== Supplied records ==
##############################
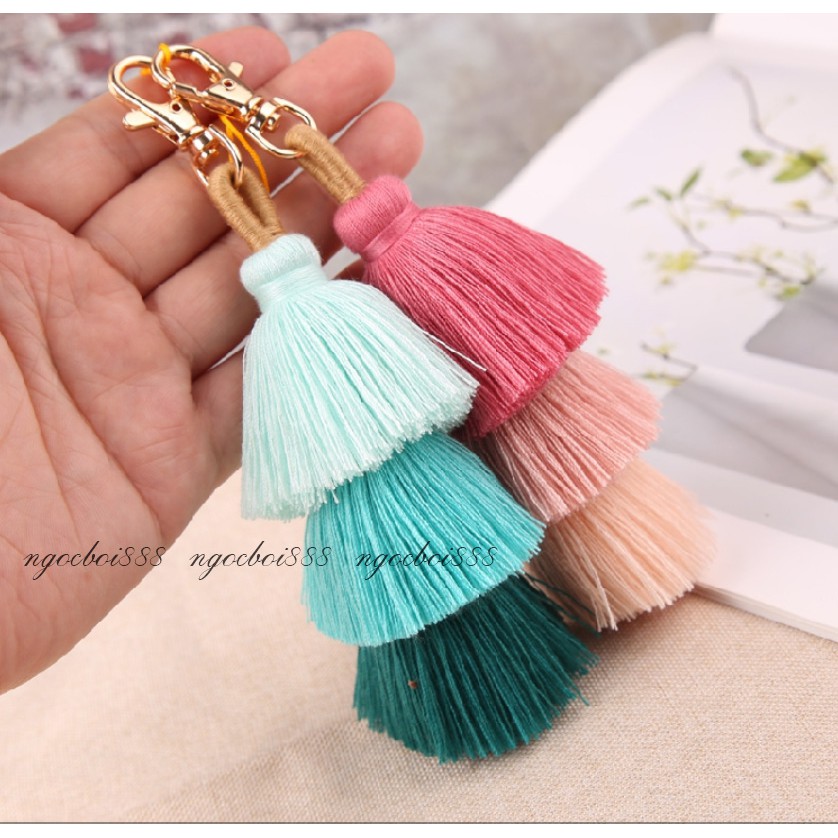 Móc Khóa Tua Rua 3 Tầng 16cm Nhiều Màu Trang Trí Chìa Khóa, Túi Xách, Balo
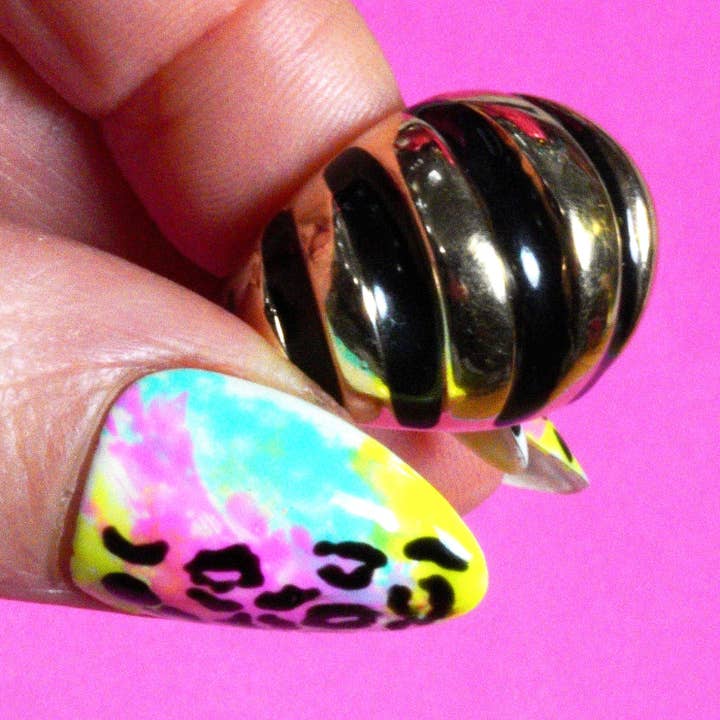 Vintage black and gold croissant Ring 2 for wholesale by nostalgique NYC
##############################
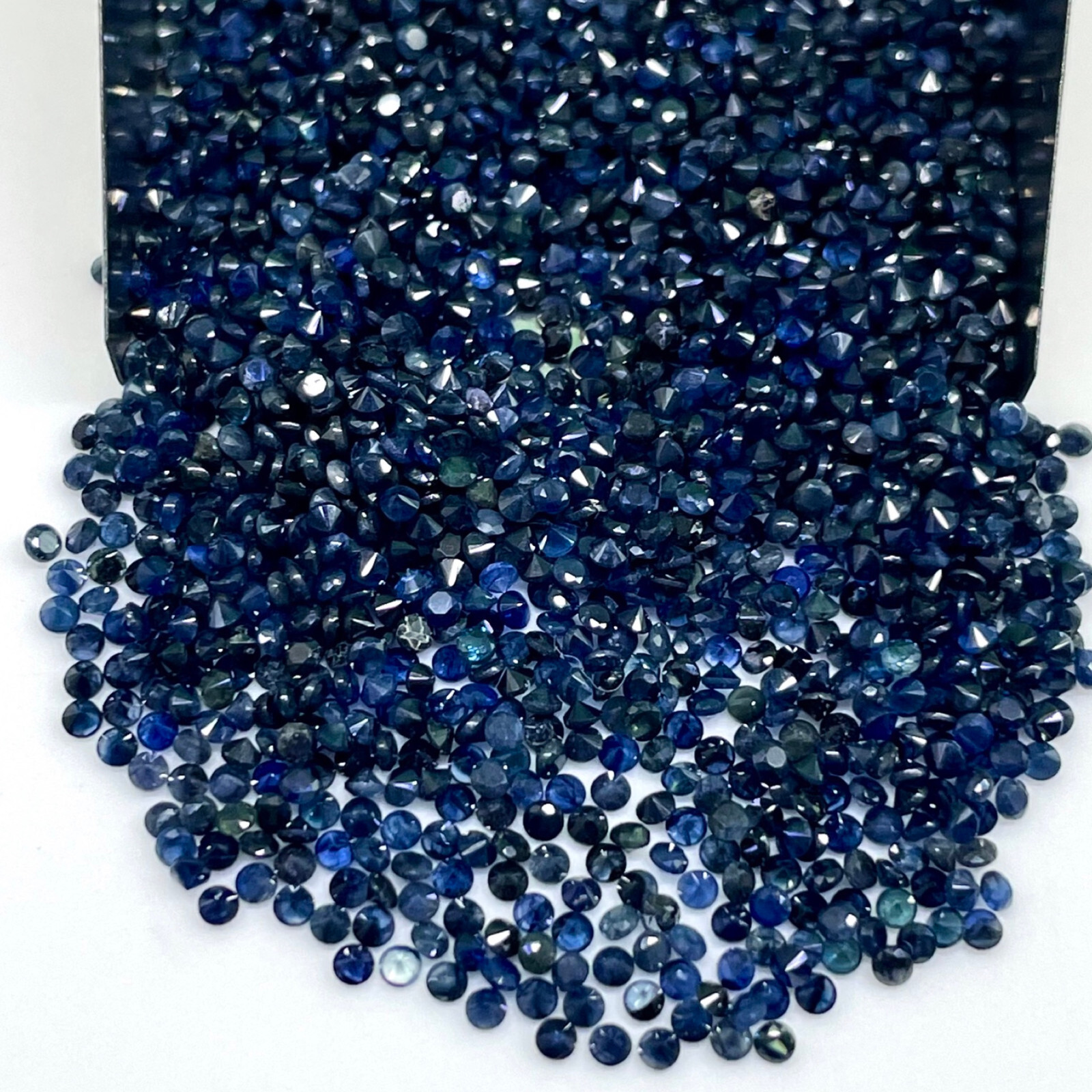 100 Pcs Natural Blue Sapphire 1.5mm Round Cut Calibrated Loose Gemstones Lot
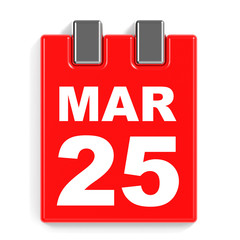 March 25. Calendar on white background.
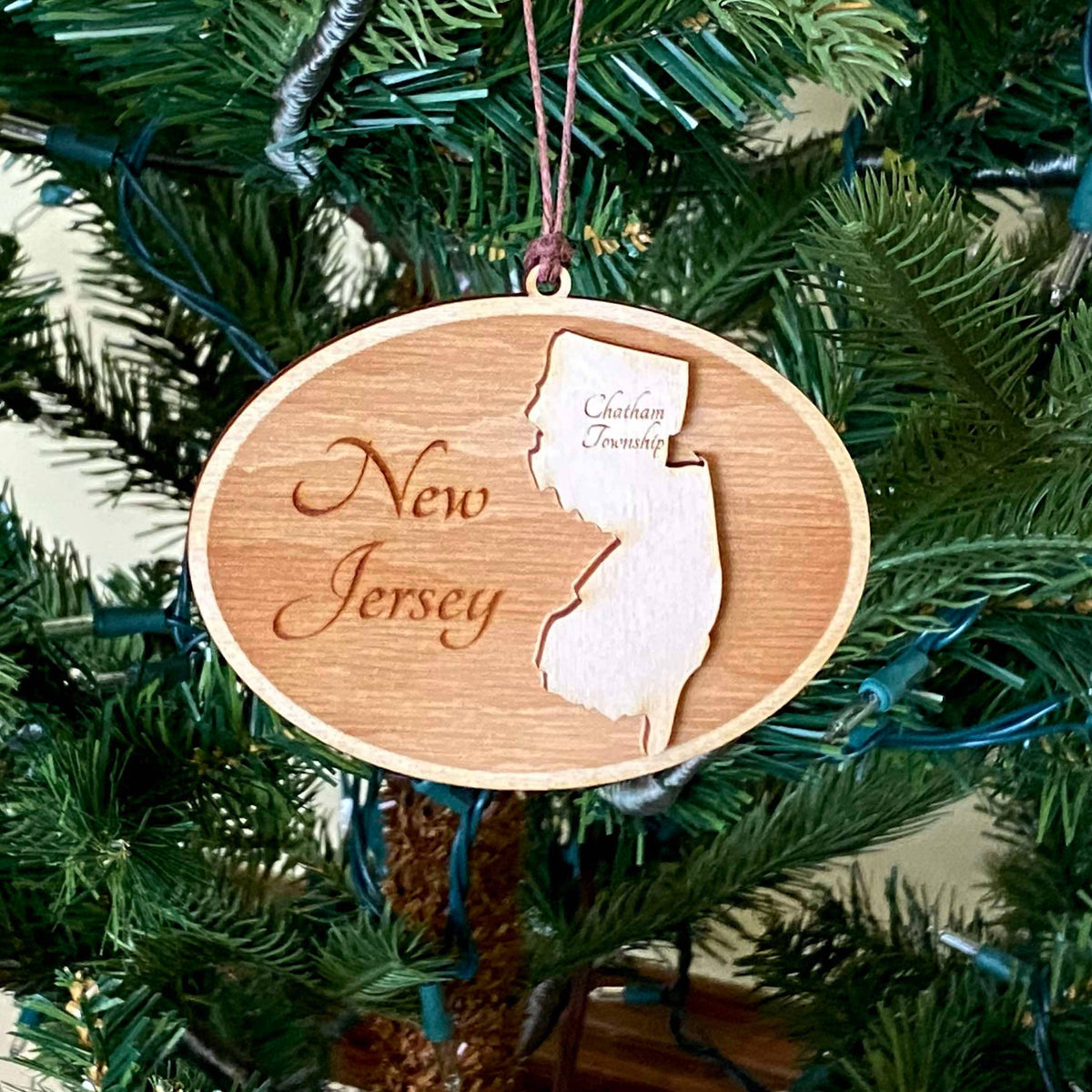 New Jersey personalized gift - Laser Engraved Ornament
##############################
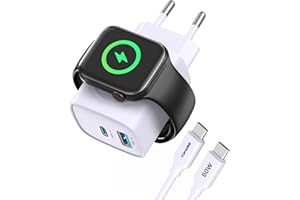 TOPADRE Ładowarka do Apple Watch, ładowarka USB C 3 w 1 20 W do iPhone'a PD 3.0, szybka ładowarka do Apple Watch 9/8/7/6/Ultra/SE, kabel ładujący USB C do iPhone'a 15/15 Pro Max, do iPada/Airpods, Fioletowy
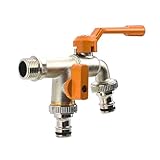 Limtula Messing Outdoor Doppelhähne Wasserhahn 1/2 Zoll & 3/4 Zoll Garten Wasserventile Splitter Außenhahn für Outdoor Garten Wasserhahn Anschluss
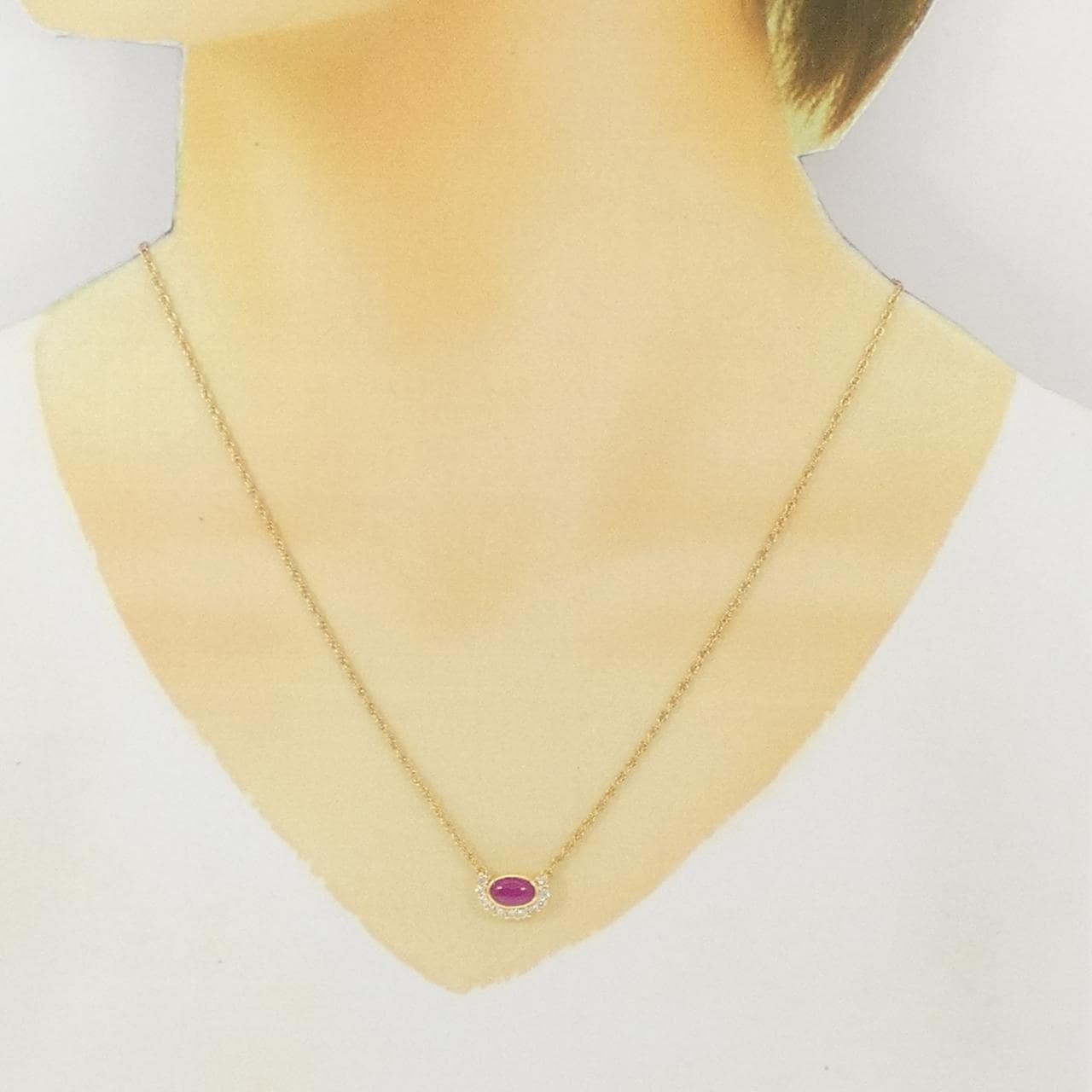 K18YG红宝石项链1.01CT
##############################
== To do ==
Go down the entries above from the line containing "Móc Khóa Tua" to the line containing "Vintage black and" and write out each line exactly, leaving pictures out.

== Answer ==
 Móc Khóa Tua Rua 3 Tầng 16cm Nhiều Màu Trang Trí Chìa Khóa, Túi Xách, Balo
 Vintage black and gold croissant Ring 2 for wholesale by nostalgique NYC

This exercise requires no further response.